→ **What this task involves**: Copy the records below exactly, from the line containing "Lab Diamond 4-Prong" through the last line, and leave out every picture.

*** Opening Entries provided ***

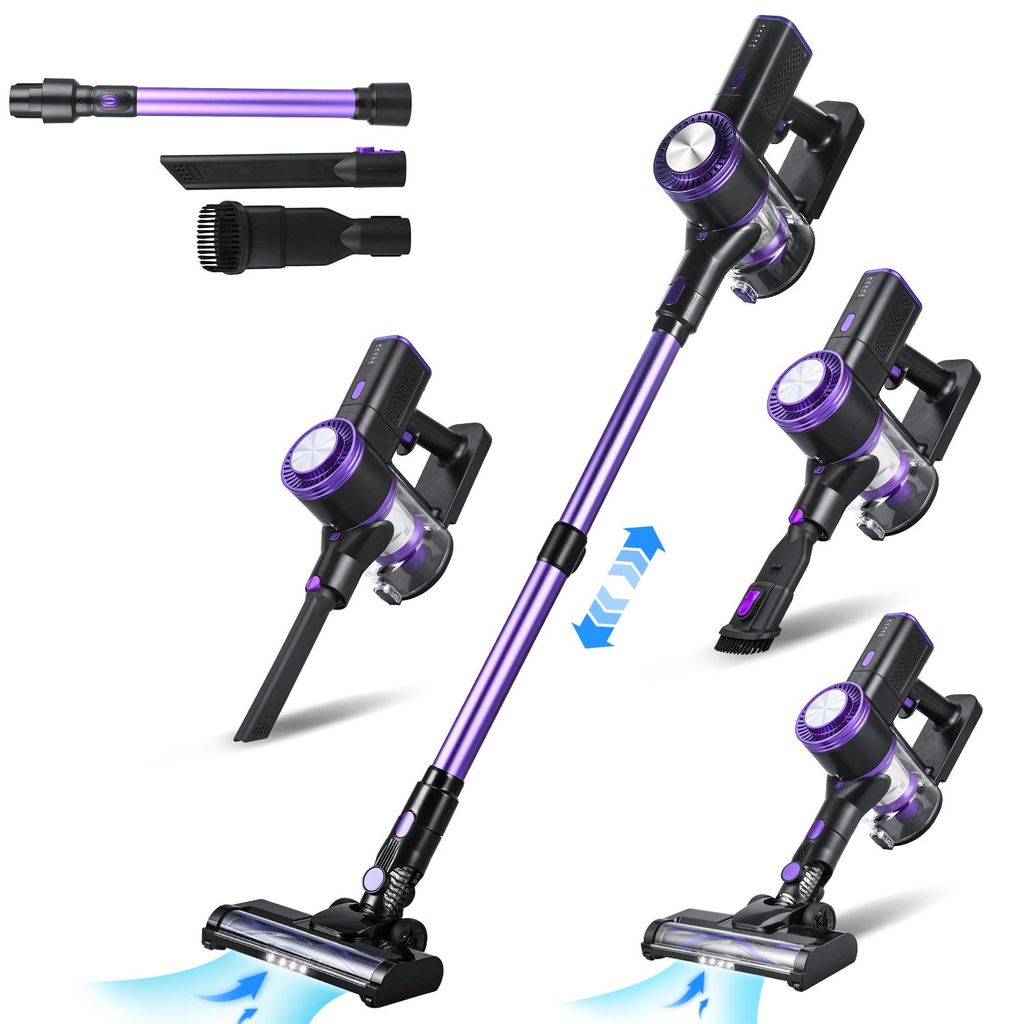 CkeyiN 28000P Akku-Hand-und Stielstaubsauger 250W, Kabelloser leistungsstarker Staubsauger mit LED-Beleuchtung, 4-Schicht-Filtersystem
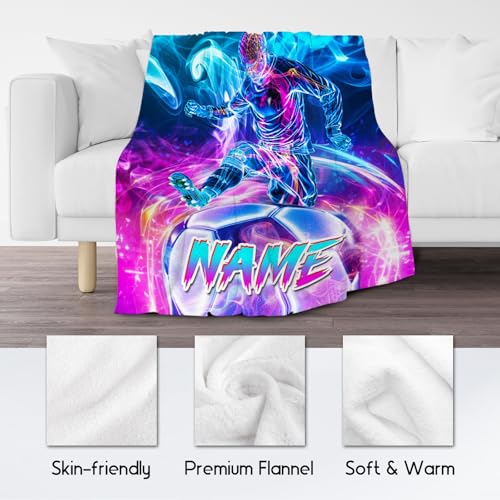 Soccer Blanket Gifts, Personalized Boys Blankets with Name, Custom Sports Theme Throw, Warm Flannel Throw for Kids, 30"x40"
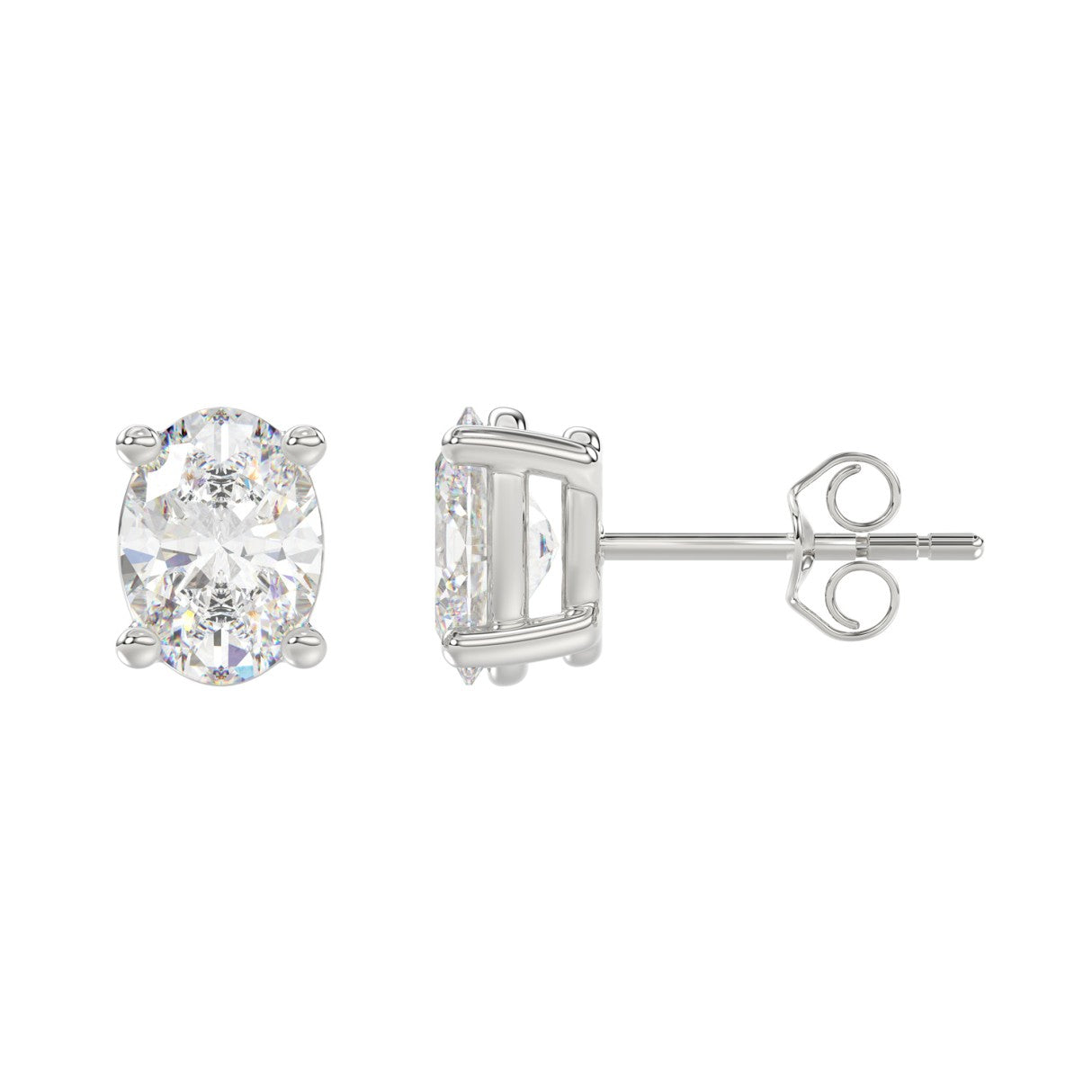 Lab Diamond 4-Prong Oval Stud Earring 10K White Gold - 10K White Gold - 4ct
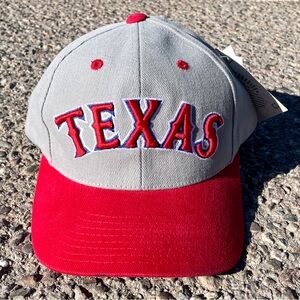 NWT Vtg Texas Rangers Annco Hat Grey Red Brim Spellout Two Tone Slide Buckle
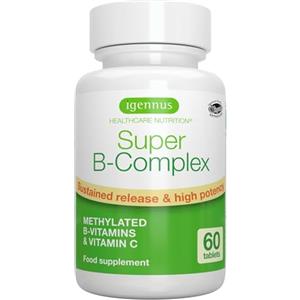Igennus Healthcare Nutrition Super B - Vitamina B complex ad alto assorbimento e rilascio prolungato,B1,B2,B3,B5 B6,B12, Biotina, Folato e Vitamina C. 60 compresse Vegane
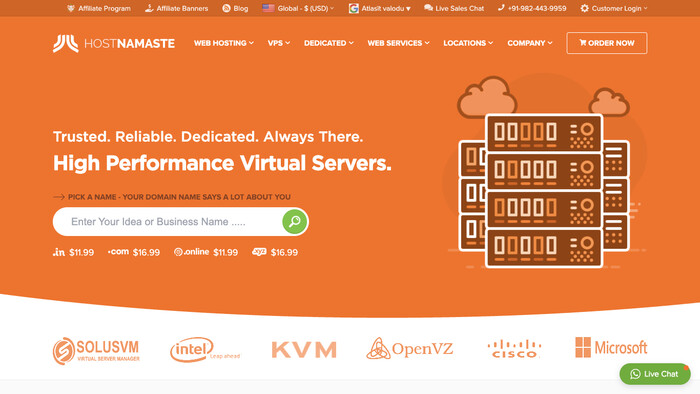 HostNamaste screenshot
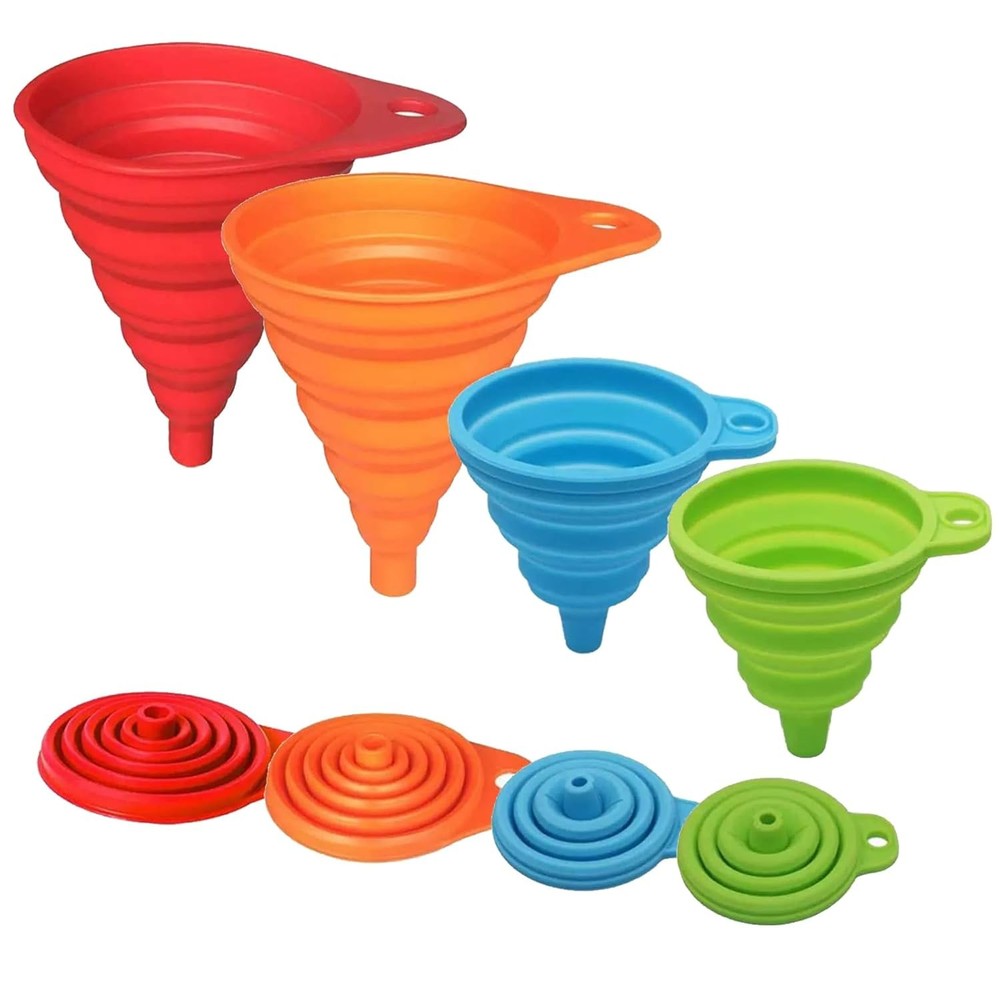 Foldable Silicone Funnel Set (4 Pack) – Collapsible Small & Large Funnels for Ki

*** Closing Entries provided ***

→ **Reply**:
 Lab Diamond 4-Prong Oval Stud Earring 10K White Gold - 10K White Gold - 4ct
 NWT Vtg Texas Rangers Annco Hat Grey Red Brim Spellout Two Tone Slide Buckle
Igennus Healthcare Nutrition Super B - Vitamina B complex ad alto assorbimento e rilascio prolungato,B1,B2,B3,B5 B6,B12, Biotina, Folato e Vitamina C. 60 compresse Vegane
 HostNamaste screenshot
 Foldable Silicone Funnel Set (4 Pack) – Collapsible Small & Large Funnels for Ki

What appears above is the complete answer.